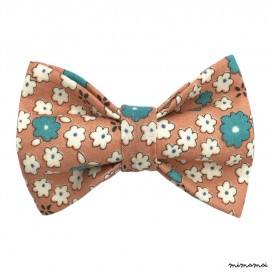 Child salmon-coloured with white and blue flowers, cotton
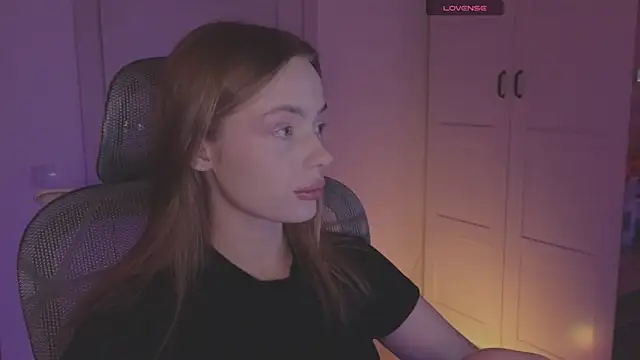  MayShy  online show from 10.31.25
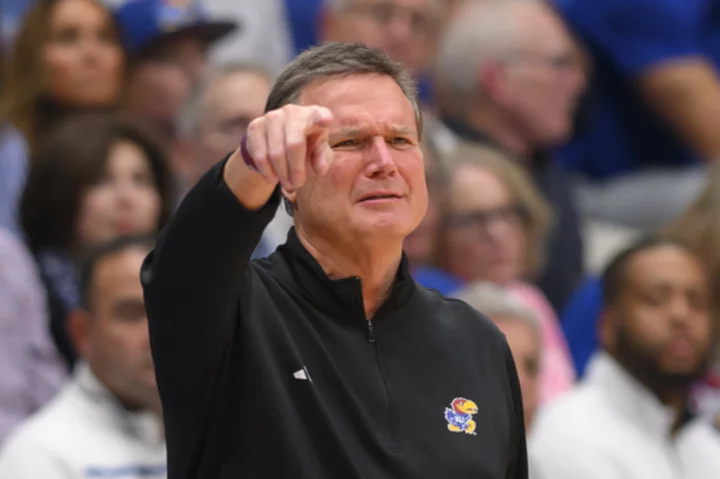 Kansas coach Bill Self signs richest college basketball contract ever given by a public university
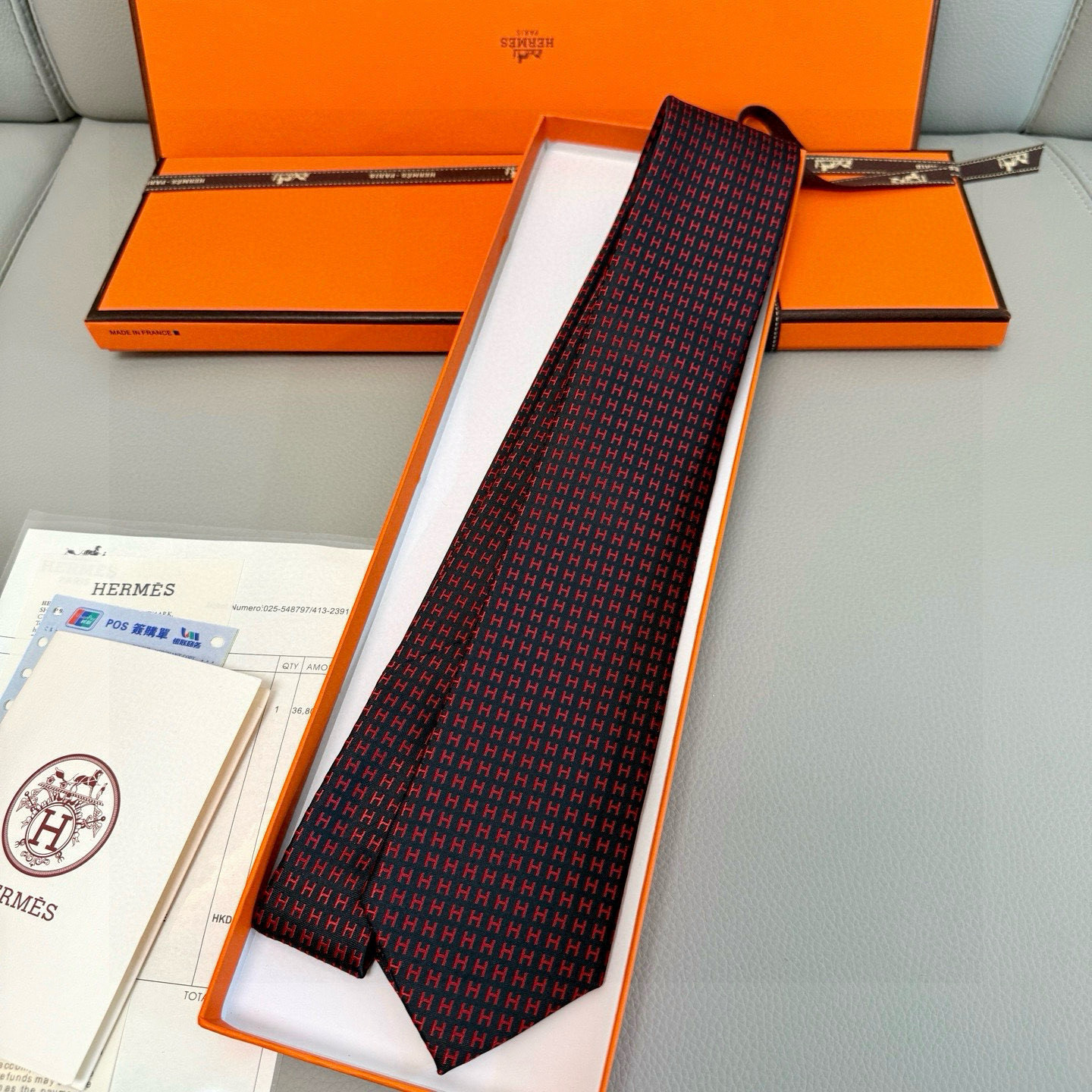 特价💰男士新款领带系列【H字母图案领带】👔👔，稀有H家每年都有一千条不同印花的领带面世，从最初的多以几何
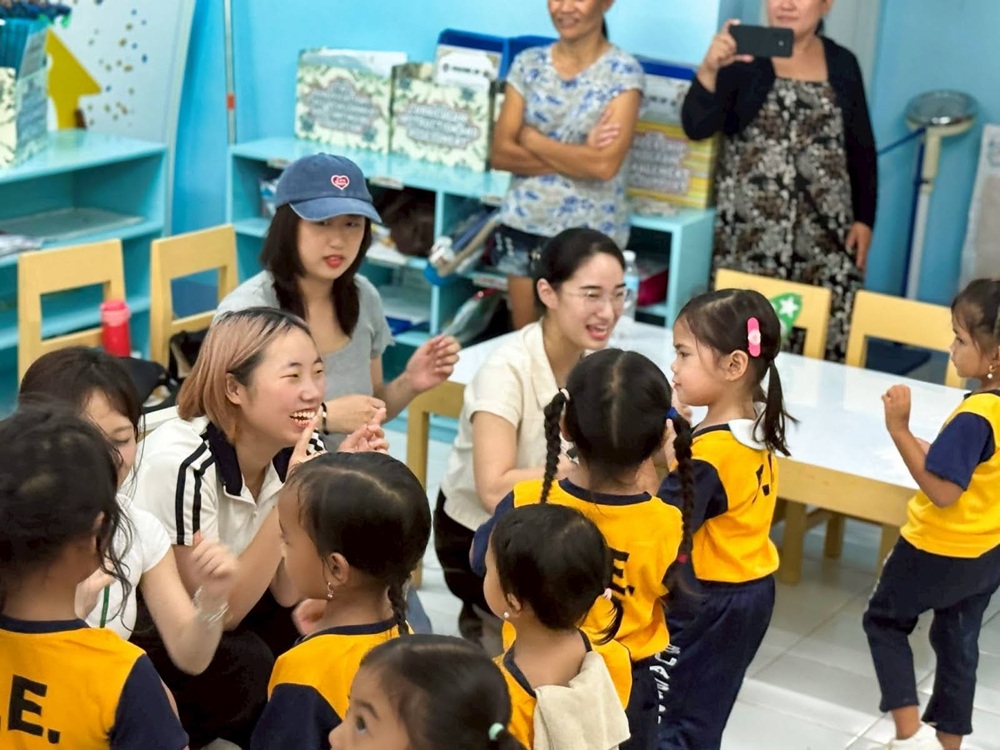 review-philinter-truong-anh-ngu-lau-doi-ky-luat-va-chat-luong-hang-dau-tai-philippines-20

▶ _HOW TO COMPLETE THIS TASK_: Please output the material above unchanged, apart from removing the pictures.

▶ _EXERCISE ANSWER_:
 Child salmon-coloured with white and blue flowers, cotton
  MayShy  online show from 10.31.25
 Kansas coach Bill Self signs richest college basketball contract ever given by a public university
 特价💰男士新款领带系列【H字母图案领带】👔👔，稀有H家每年都有一千条不同印花的领带面世，从最初的多以几何
 review-philinter-truong-anh-ngu-lau-doi-ky-luat-va-chat-luong-hang-dau-tai-philippines-20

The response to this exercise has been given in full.